Task instructions ▸
Everything from the first line of the data through the line with "Let's take a" is to be echoed exactly, minus the pictures.

Data for review ▸
==========

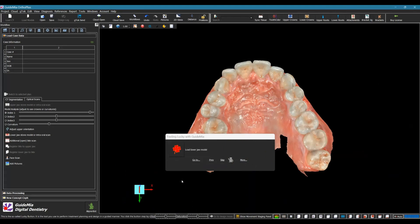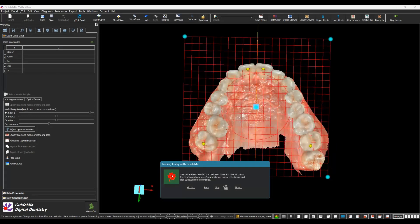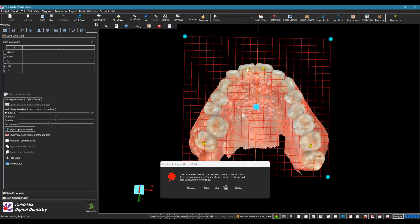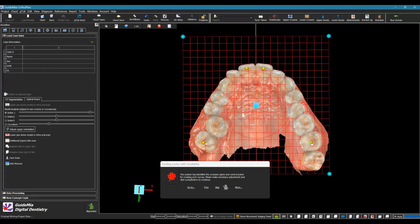Load the lower jaw model — the system will try to locate the lower jaw scan by matching file names. If it fails, you'll need to choose the file manually. This is the Lucky Button — the tool used to perform treatment planning and design in a guided manner. You click step by step to finish your workflow, and the instructions next to the button tell you the details of the current step and what's next. The system has identified the occlusion plane and control points for creating arch curves. Normally you'll see two spherical handles on the upper incisors — make sure they're on the midline of the lingual surface.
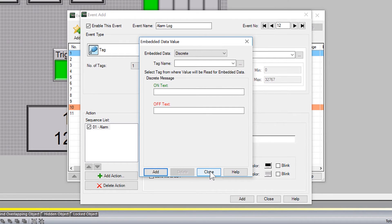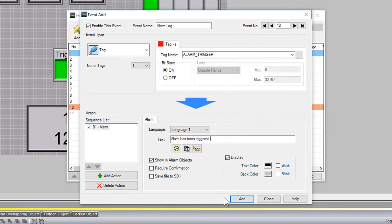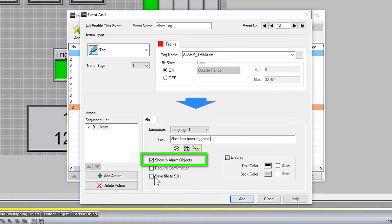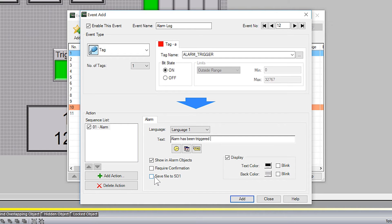If you want to have this alarm to display an alarm object, select this option. Alarm objects include the alarm banner, the alarm list object, or the alarm screen.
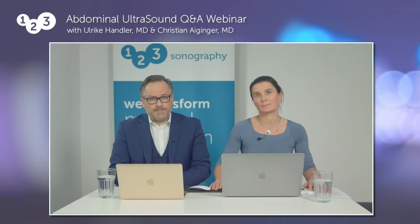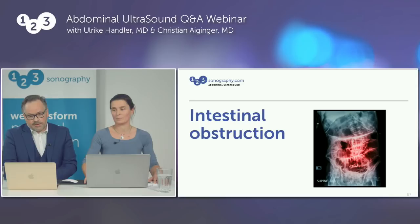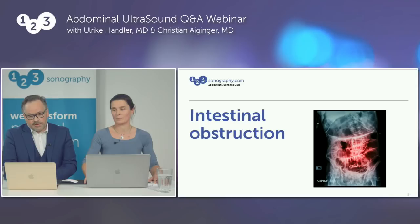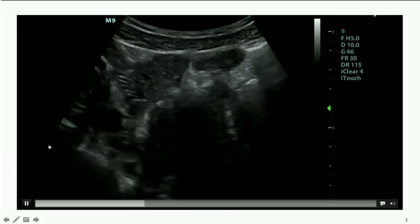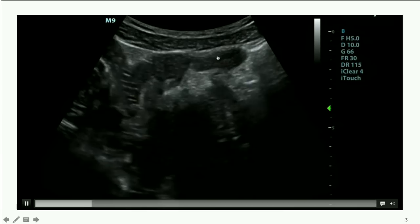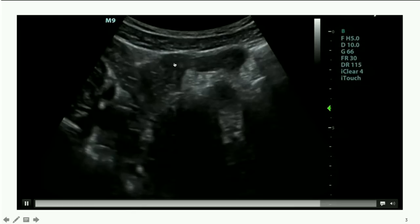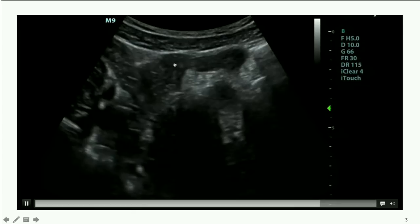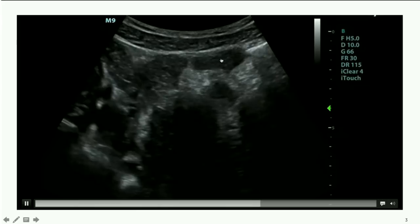Let's take a look at normal intestinal bowel loops. We can see these perfectly normal bowel loops: they are fluid-filled, quite small, less than two centimeters in diameter, and there is propulsive peristalsis. These are really healthy, normal loops of the small intestine.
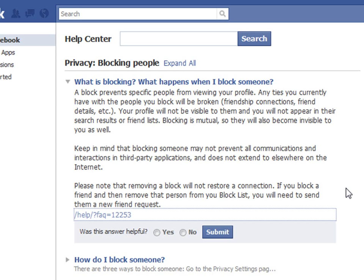A block prevents specific people from viewing your profile. Any ties you currently have with the people you block will be broken — friendships, connections, friend details, etc. Your profile will not be visible to them and you will not appear in their search results or friend lists. Blocking is mutual, so they will also become invisible to you.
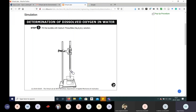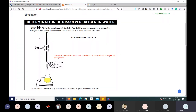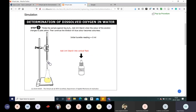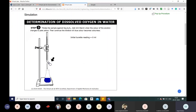Now perform the titration: open the burette knob and close it when the color of the solution in the conical flask changes to pale yellow. Add 1 mL of starch to the conical flask. The total quantity of sample in the conical flask is 200 mL of sample plus 1 mL of starch, giving 201 mL total.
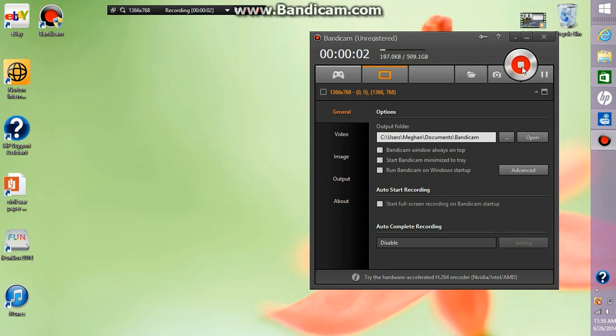Hey there YouTubers! It's the inflatable sea lion here and I'm going to be showing you how to get sound on the latest version of Bandicam so you can record your voice or any in-game noises.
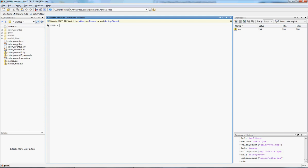So to begin with, you want to make sure that you have the right file in the current folder that you're in for MATLAB. Colony Count is over here.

==========

Task answer ▸
Load the lower jaw model — the system will try to locate the lower jaw scan by matching file names. If it fails, you'll need to choose the file manually. This is the Lucky Button — the tool used to perform treatment planning and design in a guided manner. You click step by step to finish your workflow, and the instructions next to the button tell you the details of the current step and what's next. The system has identified the occlusion plane and control points for creating arch curves. Normally you'll see two spherical handles on the upper incisors — make sure they're on the midline of the lingual surface.
If you want to have this alarm to display an alarm object, select this option. Alarm objects include the alarm banner, the alarm list object, or the alarm screen.
Let's take a look at normal intestinal bowel loops. We can see these perfectly normal bowel loops: they are fluid-filled, quite small, less than two centimeters in diameter, and there is propulsive peristalsis. These are really healthy, normal loops of the small intestine.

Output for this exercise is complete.